Typische Symptome in den Wechseljahren sind Hitzewallungen, Kopfschmerzen, Erschöpfung, Stimmungsschwankungen und Depressionen. Außerdem führt die verminderte Östrogenproduktion zu einem Verlust an Mineralstoffen im Knochengerüst, wodurch das Risiko an Osteoporose zu erkranken, erhöht. Durch das Absinken des Östrogenspiegels in den Wechseljahren kommt es häufig zu Fettstoffwechselstörungen, z. B. erhöhten Cholesterinwerten. Deshalb ist eine fettbewusste und cholesterinarme Ernährung sowie eine ausgewogene Calciumzufuhr nach den Wechseljahren von großer Bedeutung. Neben der Ernährung ist bei starken Beschwerden auch die Einnahme von Hormonpräparaten empfehlenswert (nur in Absprache mit dem Arzt!). Japanische Frauen leiden weit weniger unter Beschwerden, da sie mehr pflanzliche Östrogene, die in Lebensmitteln wie Tofu, Soja und Miso, zu sich nehmen.
Das hilft:
- Decken Sie Ihren Calciumbedarf mit Milch und Milchprodukten bzw. calciumreichem Gemüse
- Vitamin E hilft bei Hitzewallungen, Erschöpfung, Depressionen und Reizungen der Scheide. Vitamin E ist vor allem in Pflanzenölen, Weizenkeimen, Nüssen, Avocados und Erbsen enthalten.

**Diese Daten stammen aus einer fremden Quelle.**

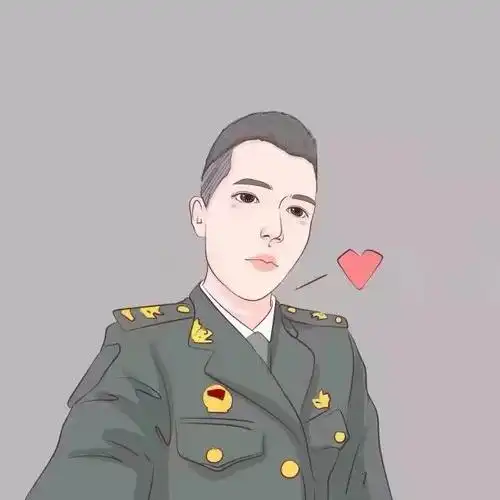 军人头像高清 头像兵哥哥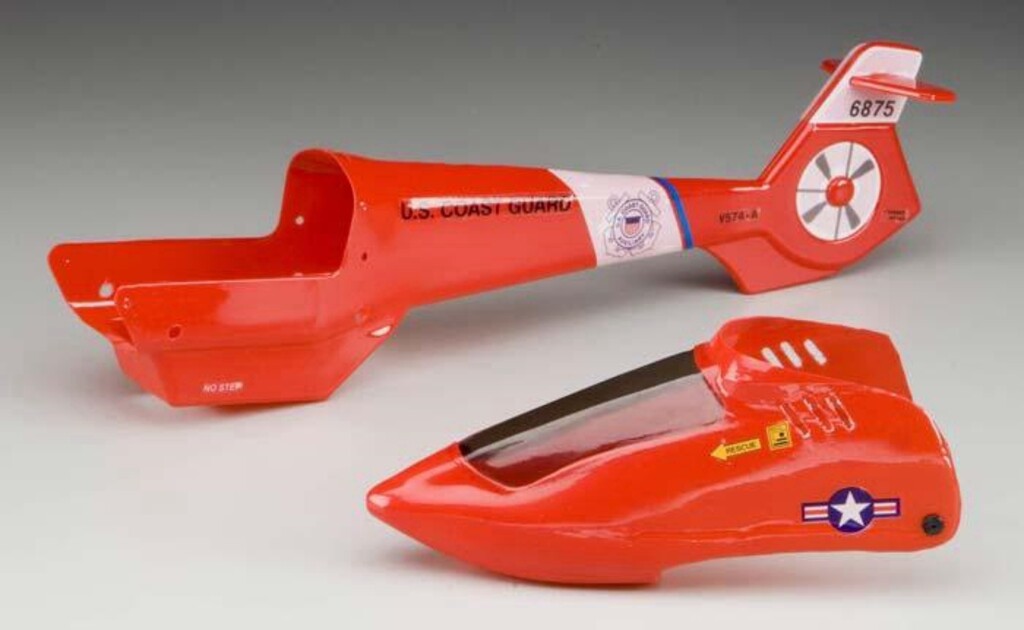 AXE EZ FUSELAGE RED W/DECAL HMXE7433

- Sojabohnen, Hülsenfrüchte, Kirschen, Getreide (Hafer, Gerste, Roggen und Weizen), grüne Bohnen, Äpfel und auch Lakritz (nicht bei Bluthochdruck!) enthalten Stoffe, die wie das menschliche
Östrogen wirken. Frauen mit Wechseljahrbeschwerden reichlich Vollkorngetreide/-produkte essen sowie regelmäßig Gemüse und Obst und öfter Sojaprodukte, -flocken oder -mehl, Hülsenfrüchte oder Leinsamen (geschrotet) verzehren. Bei starken Beschwerden täglich, ansonsten diese Lebensmittel mindestens dreimal pro Woche auf den Speiseplan setzen.
Man(n) redet kaum davon , aber es gibt sie. Die Wechseljahre bei Männern. Die Ursache liegt in der nachlassenden Produktion des Hormons Testosteron. Die ersten Anzeichen können Störungen des Allgemeinbefindens und der Leistungsfähigkeit sein, man wird schneller nervös, ist reizbar und fühlt sich ständig müde. Dazu kommen noch Alterserscheinungen wie Haarausfall, Bauchbildung, Prostatabeschwerden und faltige Haut, die einen Mann auch psychisch belasten. Ohne gezielte Vorbeugung können außerdem Schweißausbrüche, Schwindelanfälle, Kopfschmerzen, Herzbeschwerden und Erektionsstörungen auftreten. Die meisten Beschwerden treten zwischen dem 50. Und 60. Lebensjahr auf. Die ersten
Symptome werden durch eine ausreichende und gezielte Aufnahme von Vitamin C, E, und der Beta-Carotine, einer Vorstufe des Vitamins A positiv vermindert. Reichlich Obst und Gemüse, Vollkornbrot und hochwertige , kaltgepresste Pflanzenöle sind bei der Ernährung also zu bevorzugen.